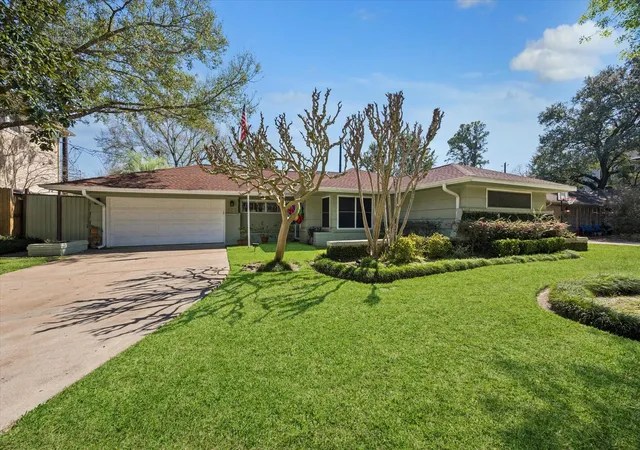 Photo 3 of Single family home for sale at 8611 Ferris Dr, Houston, TX 77096 | MLS# 24824831 | Listing updated on 2026-08-31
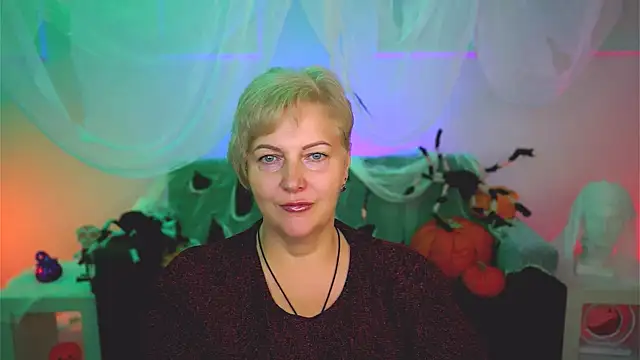 MaryMogan online show from 26, 10, 2025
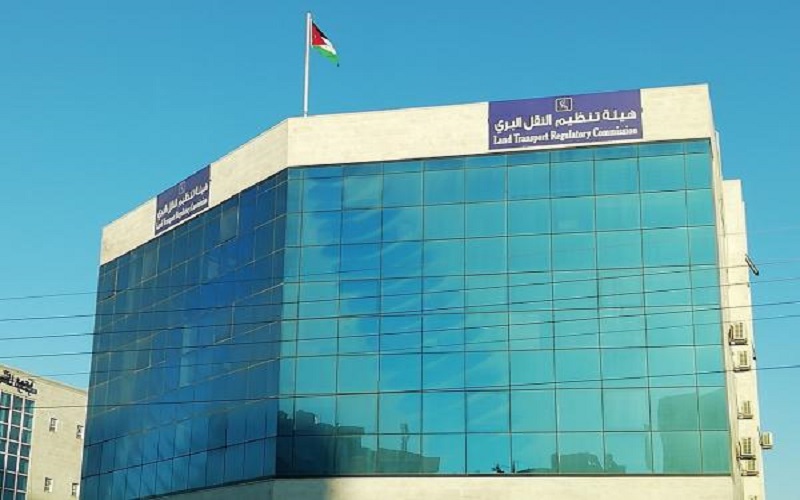 المجالي عن سائق حافلة حمل (بلطة):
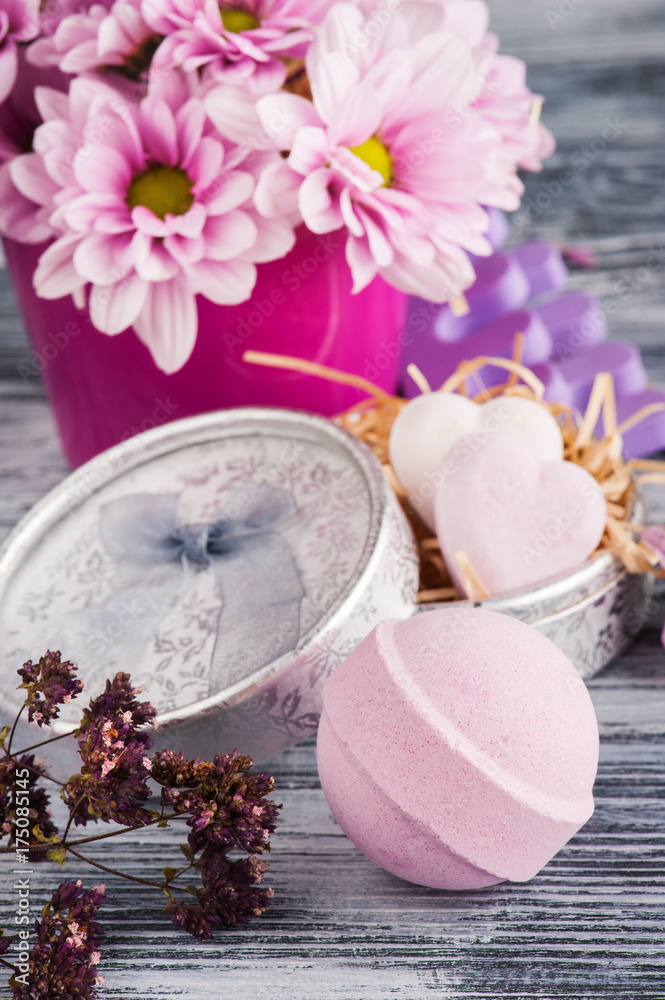 SPA composition with pink bath bombs, daisy flowers SPA composition with pink bath bombs, daisy flowers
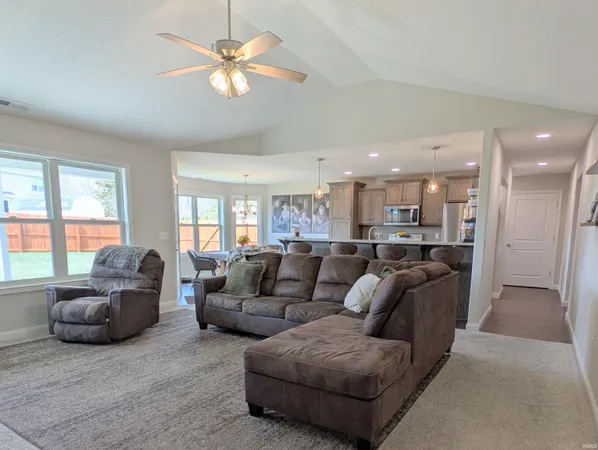 $345,000 | 731 Willowbrook Trail, Bluffton, IN 46714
_ _ _ _ _ _ _
What the task asks »
The final stretch of the data, from the line with "MaryMogan online show from 26, 10, 2025" through its last line, is to be retyped exactly; pictures are not part of the copy.

Response area »
 MaryMogan online show from 26, 10, 2025
 المجالي عن سائق حافلة حمل (بلطة):
 SPA composition with pink bath bombs, daisy flowers SPA composition with pink bath bombs, daisy flowers
 $345,000 | 731 Willowbrook Trail, Bluffton, IN 46714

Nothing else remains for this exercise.